Setting the data rate for maximum CD-ROM performance
Selecting an appropriate data rate is an art that depends on a combination of factors relating to the system performance of the target playback environment. The most important of these is CD-ROM performance. In the past, PC CD-ROM drives were typically 1X drives, theoretically capable of sustained data-transfer rates of only 150 kilobytes-per-second. Fortunately, most PCs today are equipped with CD-ROM drives capable of at least 2X (300 kilobytes-per-second) performance. Most Pentium® processor-based PCs have drives much faster than that. This means that it is no longer critical to maintain a precisely controlled average data rate that is comfortably below 150 kilobytes-per-second. Data rate control is still important for videos with frame sizes larger than 320x240. However, most videos compressed to a reasonable size with Indeo video 5 stream successfully from the CD-ROM drive of any machine with sufficient CPU power to decode the video. This means that usually the CD-ROM drive is no longer the limiting factor. Many developers still use the Data Rate control for CD-ROM applications, but the main reason today is for convenience in achieving a certain file size to save space on the CD-ROM. However, using the Quality slider is becoming more prevalent due to the consistent video quality and faster encoding speed.

Choosing the data rate for maximum Web site performance

Two important factors must be considered in authoring video for the Web:

Determining the average data rate
To determine the average data rate of an existing video file in Windows* 95 or Windows NT* 4.0:
  1. Open the Windows Explorer.
  2. Click the file icon with the right mouse button.
  3. Select Properties.
  4. Click the tab labeled Details and examine the resulting dialog.

Setting Audio/Video Interleaving
The parameter usually named Audio Interleave controls the grouping of audio and video frames on a CD-ROM, hard drive, or Web site. For uncompressed audio, always set the audio interleave to one frame (known as interleaving the file at 1:1). Video frames are often read from the CD-ROM drive one at a time, and while audio can be read from the disk in larger chunks and buffered until it is needed, there is no advantage to doing this. If the audio chunks are too large, the file may play very poorly from CD-ROM. The audio is broken and unsynchronized, and the video may drop frames.

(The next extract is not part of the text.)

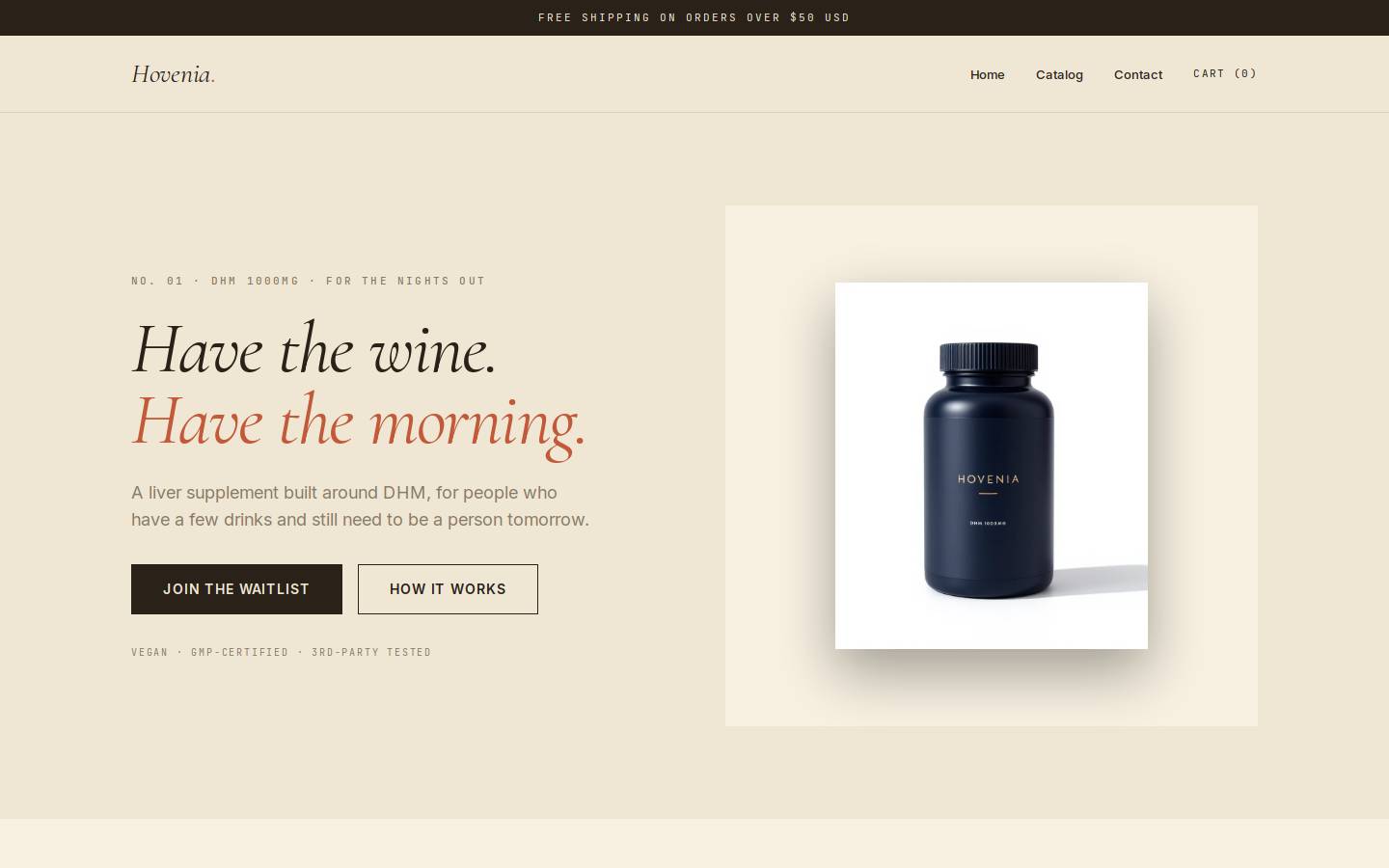 hovenia.ca homepage screenshot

Compressed audio presents a different situation. If you are using compressed audio, the size of the audio chunks will probably be much smaller. So the issues described above are less important. Furthermore, many audio-compression formats do not perform well with audio interleaving set to one frame. This is because these formats require larger chunks of audio to be grouped together in order to obtain good compression. If the audio is then interleaved 1:1, the audio decoder may not have the entire chunk of compressed audio it requires at any given time to play correctly. So you should always interleave compressed audio at a higher rate, like every 1/2 second (the number of frames depends on the video frame rate), or as recommended by your audio codec documentation.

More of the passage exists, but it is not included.